Task brief:
The entries below contain pictures. Write out only the lines from the line with "Cachorro raça SRD" up to and including the line with "Lee Metcalf Wilderness", exactly, without them.

Material for the task:
________________________
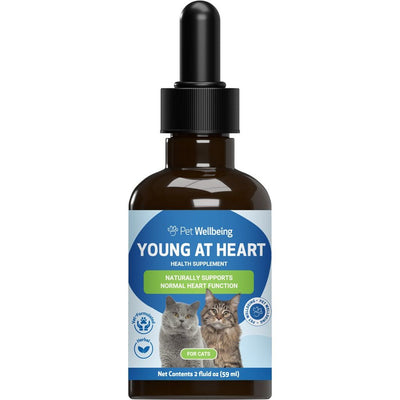 Young at Heart Liquid Heart Supplement for Cats, sabor Tocino. 60 ml. - Pet Wellbeing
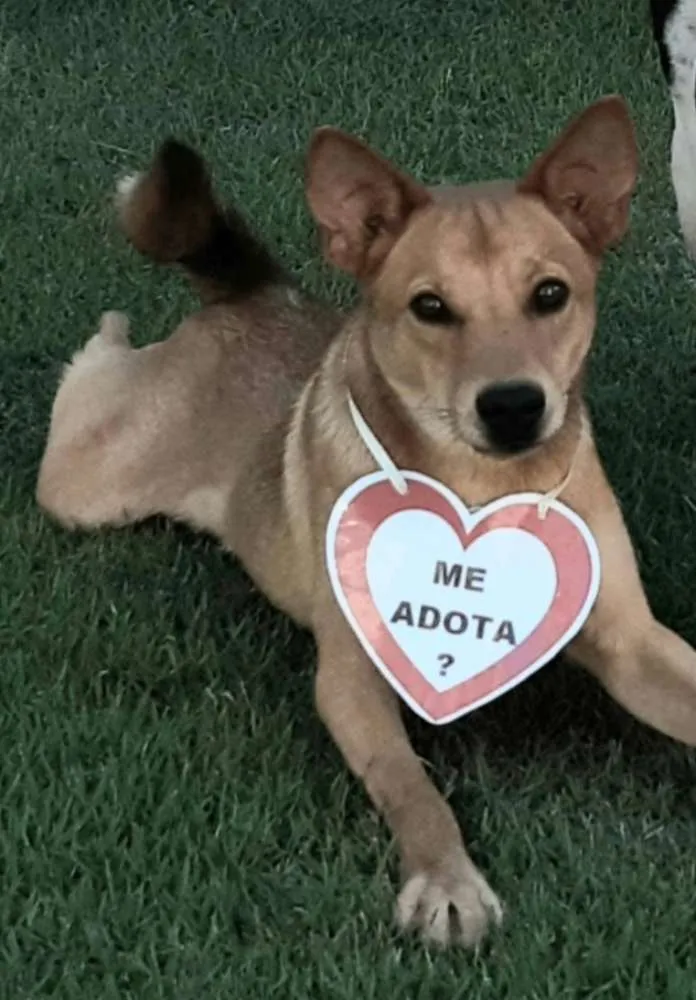 Cachorro raça SRD  idade 1 ano nome Lobinho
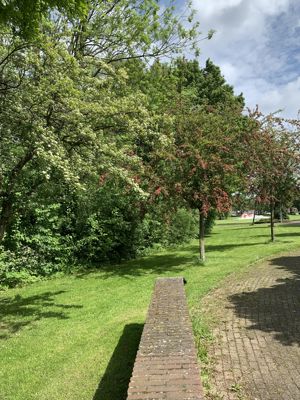 Foto 265 uit StratenBEVERWAARD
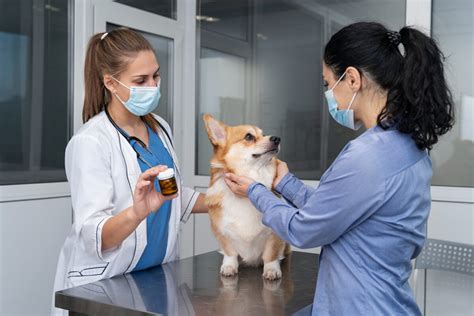 Vets For Life Animal Clinic: Your Trusted Partner in Pet Care for 25 Years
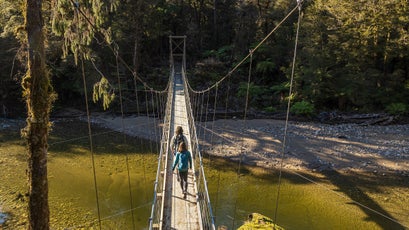 Paparoa Track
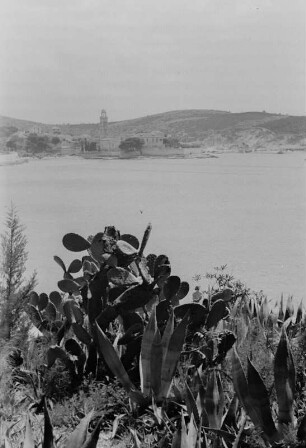 Kaktus : Kaktuspflanze an der Adriaküste. Im Hintergrund der Kirchturm des Franziskanerklosters in Hvar.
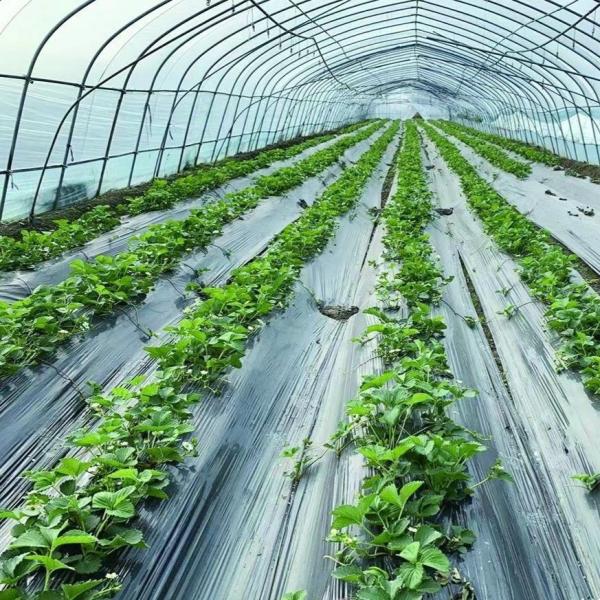 Commercial Greenhouse Single Span Tunnel Film Greenhouse with 30 Days Return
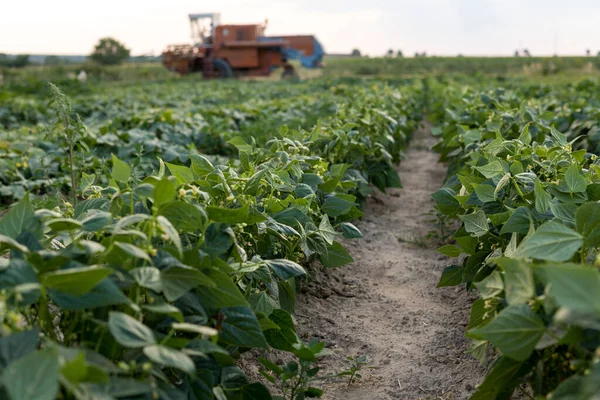 畑で育つ緑の豆の隣を通るコンバイン ハーベスター — ストック写真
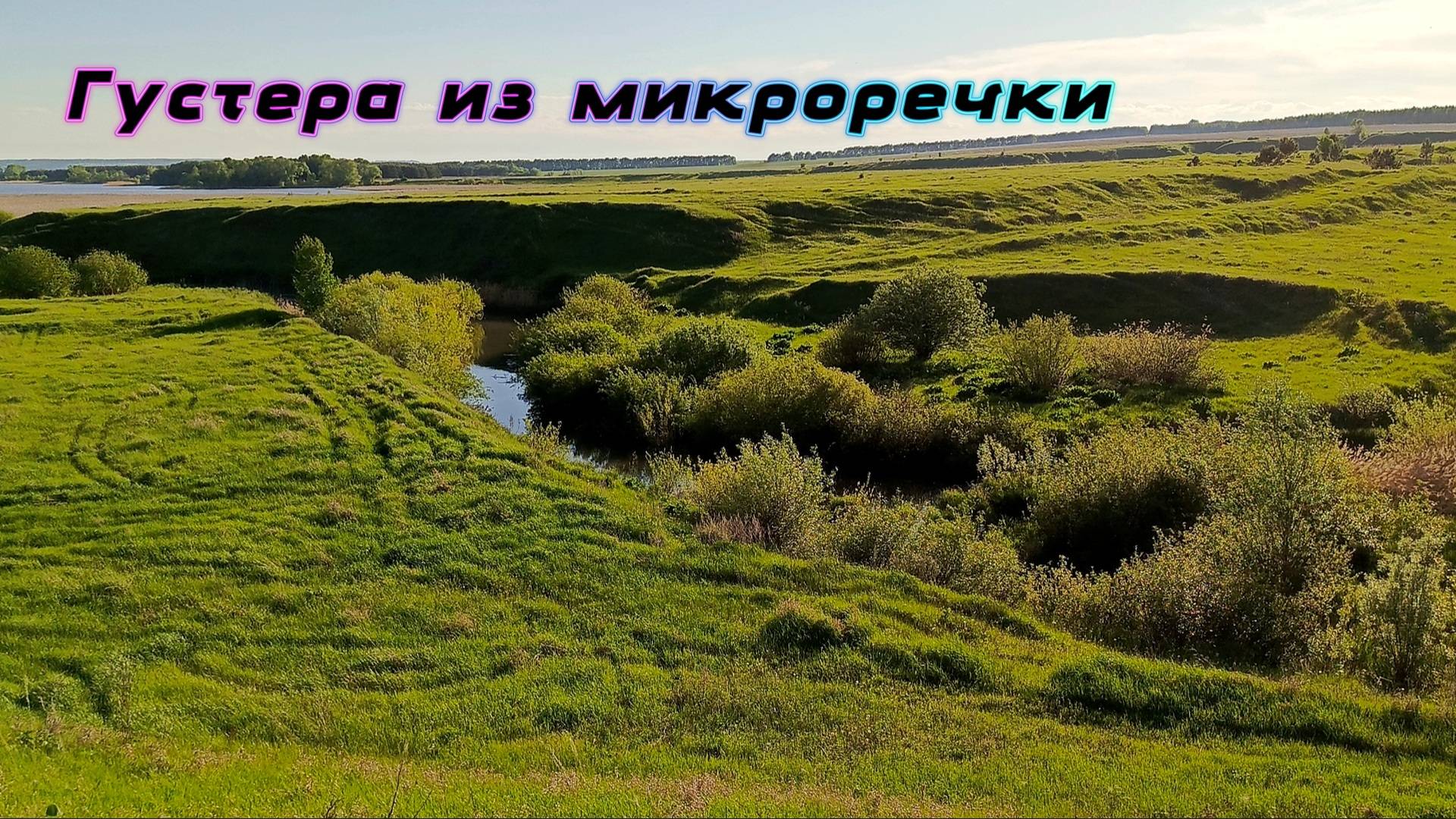 ОЖИВШИЕ БЕРЕГА. ГУСТЕРА ИЗ МИКРОРЕЧКИ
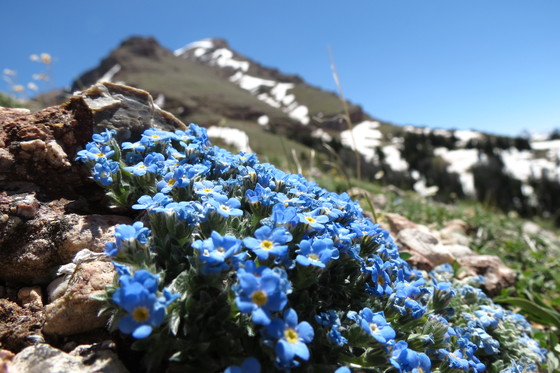 Lee Metcalf Wilderness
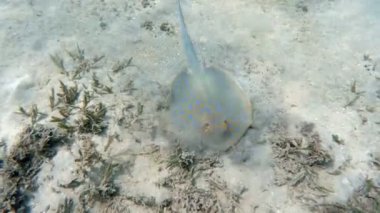 Kızıldeniz 'deki mavi saksılı kurdele kuyruklu vatoz (Taeniura lymma) türü, Marsa Alam, Mısır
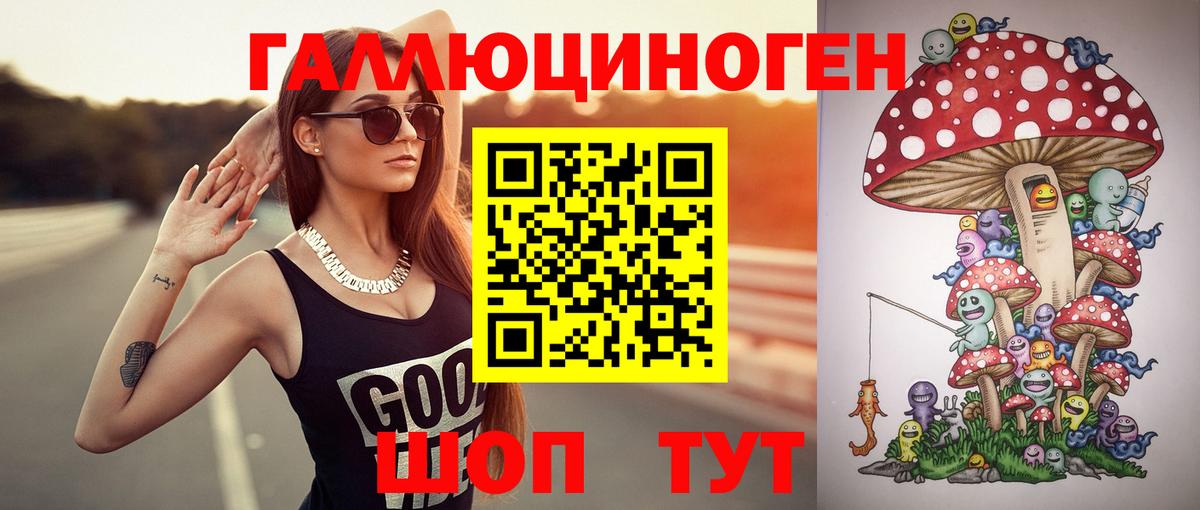 Котельники  где найти наркотики  Вход с VPN  Псилоцибиновые грибы мухоморы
________________________
Solution to this exercise:
 Cachorro raça SRD  idade 1 ano nome Lobinho
 Foto 265 uit StratenBEVERWAARD
 Vets For Life Animal Clinic: Your Trusted Partner in Pet Care for 25 Years
 Paparoa Track
 Kaktus : Kaktuspflanze an der Adriaküste. Im Hintergrund der Kirchturm des Franziskanerklosters in Hvar.
 Commercial Greenhouse Single Span Tunnel Film Greenhouse with 30 Days Return
 畑で育つ緑の豆の隣を通るコンバイン ハーベスター — ストック写真
 ОЖИВШИЕ БЕРЕГА. ГУСТЕРА ИЗ МИКРОРЕЧКИ
 Lee Metcalf Wilderness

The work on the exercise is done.